Hiç uzatmadan söyleyeyim; büyük ihtimalle.
Hatta diyebilirim ki, belki yarın belki yarından da yakın.
Ama şu konuda şüpheliyim:
Türkiye kendi mi girecek, yoksa vekil unsur mu kullanacak?
Hatırlatmakta fayda var: Kudüs Fatihi Selahaddin Eyyubi de bir zamanlar vekil unsurdu.
Sultan olmadan önce komutandı ve Türklerin atadığı bir komutan olarak Haçlılara karşı savaşmak üzere Mısır’a gönderildi.
Önce Haçlıları püskürttü, ardından Mısır’daki Şii egemenliğine son verdi. Sonunda kendi devletini kurdu.
Ahmet eş-Şara ve Suriye’nin hikayesine ne kadar çok benziyor di mi?
Aslında bunu birkaç gün önce kendi sosyal medya hesabımda paylaşmıştım, ancak bugün yaşanan bazı gelişmeler üzerine köşeye de taşımak istedim.
Şöyle ki;
İsrail teröristleri Gazze’nin komple işgal planını devreye aldı. Kentin dış mahallelerini bombalamaya başladılar.
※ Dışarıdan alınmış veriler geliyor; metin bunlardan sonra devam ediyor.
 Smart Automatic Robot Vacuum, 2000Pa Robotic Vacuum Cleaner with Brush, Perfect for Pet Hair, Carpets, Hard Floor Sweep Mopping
Gazzelileri güneye doğru göçe zorlayıp iyice köşeye sıkıştırmak istiyorlar. Sonrası ya Sina’ya göç ya da ölüm…
Ancak unutmamamız gereken bir nokta var:
Hz. Musa köşeye sıkışmasaydı Kızıldeniz yarılmayacaktı. Ve belki de Firavun boğulmayacaktı.
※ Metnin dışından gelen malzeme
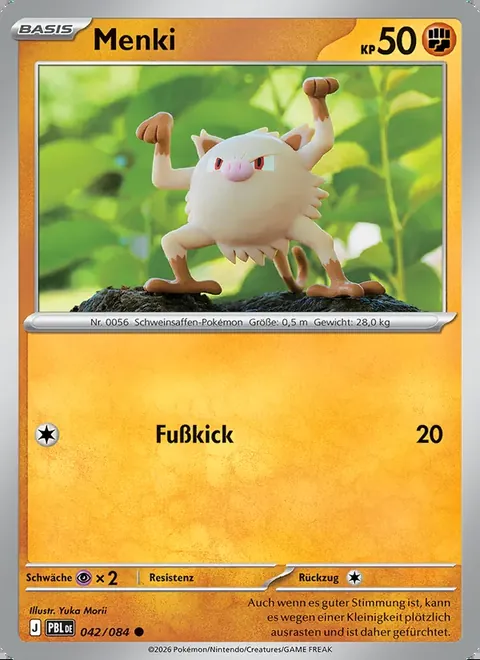 Menki 042/084 Dunkelnacht (PBL) Pokémon-Karte (Near Mint)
Neyse… İsrail’in topyekun saldırıya geçtiği saatlerde Türkiye’de iki önemli gelişme yaşandı.
Dünyadan 150 alimin katıldığı konferansın sonuç bildirgesi Ayasofya’nın önünde okundu. Bildirgede uluslararası Kudüs İttifakı kurulması çağrısı yapıldı ve bu ittifakın kurulması için komite oluşturulacağı açıklandı.
Diğer önemli gelişmenin merkezi ise Ankara’ydı. Meclis, ‘Gazze’ gündemiyle olağanüstü toplandı. Dışişleri Bakanı Hakan Fidan vekillere hitap ettiği o konuşmada son derece dikkat çekici bir ifade kullandı:
‘EN BÜYÜK DİRENİŞ ŞİMDİ BAŞLIYOR’
Ve devam etti:
‘’Belki kan hemen durmayacak, ama bu direniş tarihin akışını değiştirecek; çürümüş bir düzenin taşlarını yerinden oynatacak!’’
Bu sözler, artık yeni bir safhaya geçildiğinin açık ilanı…
Fidan zaten birkaç gün önce ‘Sözün bittiği yerdeyiz’ demişti. TOKİ eliyle 81 şehre sığınak projesi de Bakan Fidan’ı tescillemişti.
7 Ekim 2023’te tarihinin en ağır darbesini yiyen İsrail için son perde iyiden iyiye yaklaştı. Yere yatırılmış gözü bağlı danalar gibi bilinçsizce sağa sola saldırmasının nedeni de bu!